RECORDS SUPPLIED —

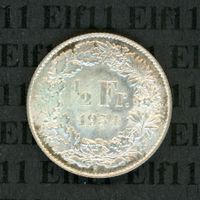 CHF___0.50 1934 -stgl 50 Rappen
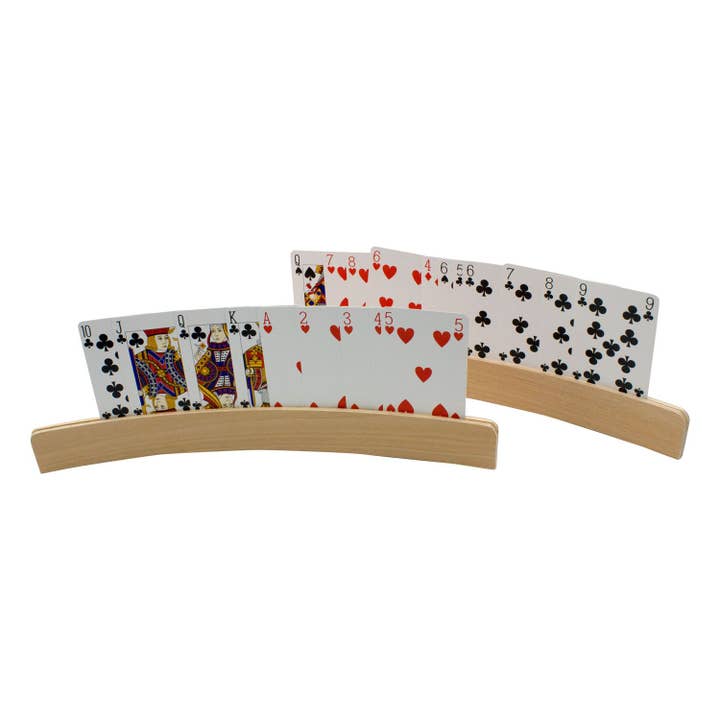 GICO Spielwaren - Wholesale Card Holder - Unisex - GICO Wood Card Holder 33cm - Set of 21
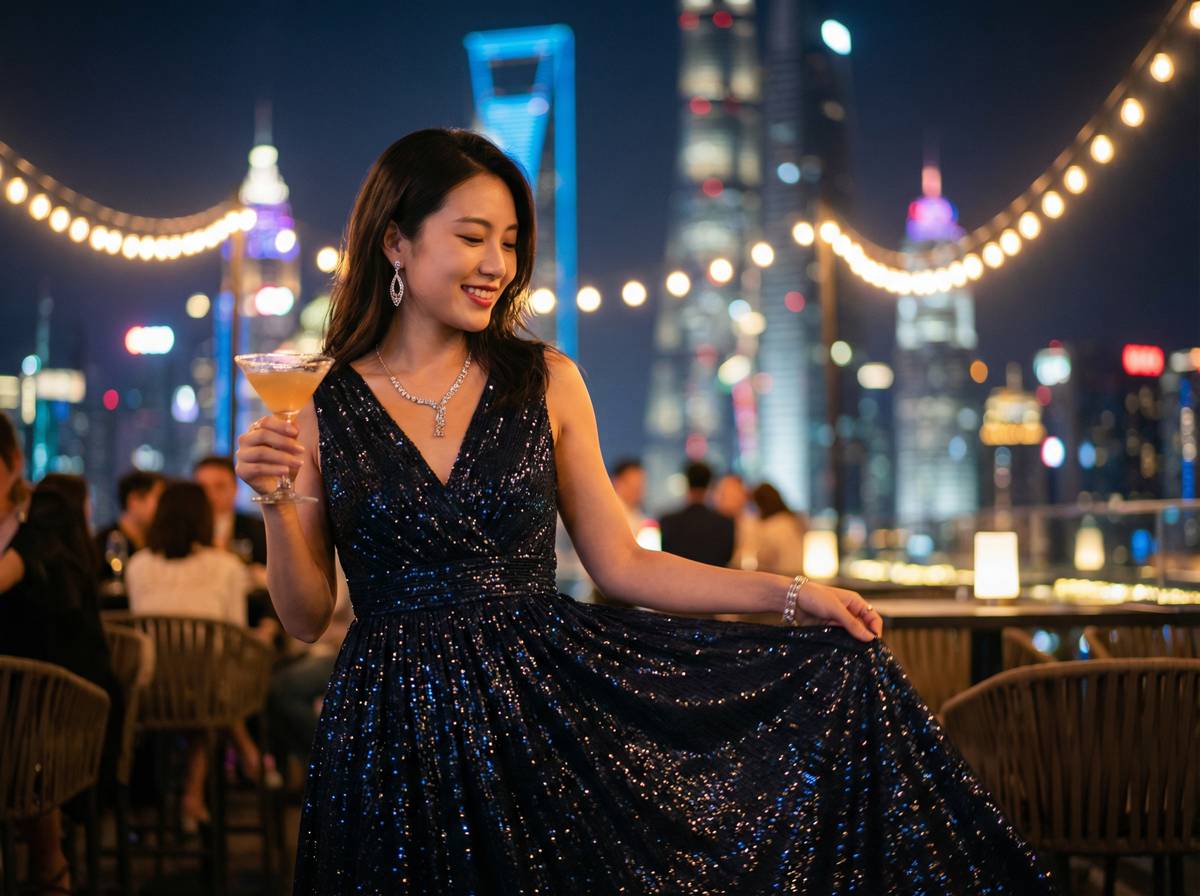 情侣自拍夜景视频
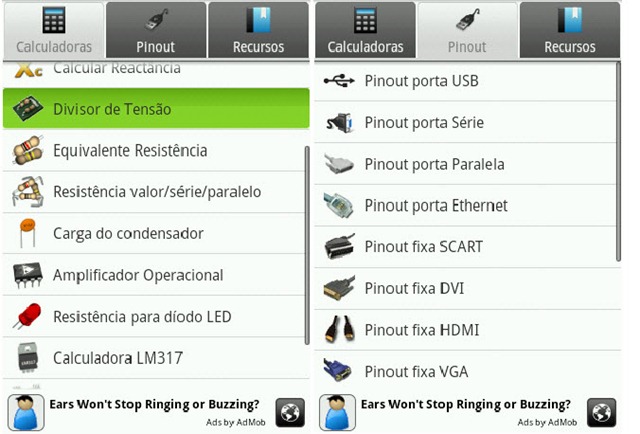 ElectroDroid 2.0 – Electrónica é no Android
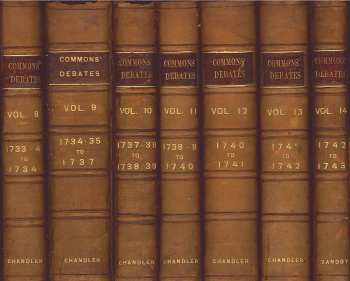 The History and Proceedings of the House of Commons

WHAT IS NEEDED —
An exact copy of all the entries is required, and it must contain no pictures.

SOLUTION —
 CHF___0.50 1934 -stgl 50 Rappen
 GICO Spielwaren - Wholesale Card Holder - Unisex - GICO Wood Card Holder 33cm - Set of 21
 情侣自拍夜景视频
 ElectroDroid 2.0 – Electrónica é no Android
 The History and Proceedings of the House of Commons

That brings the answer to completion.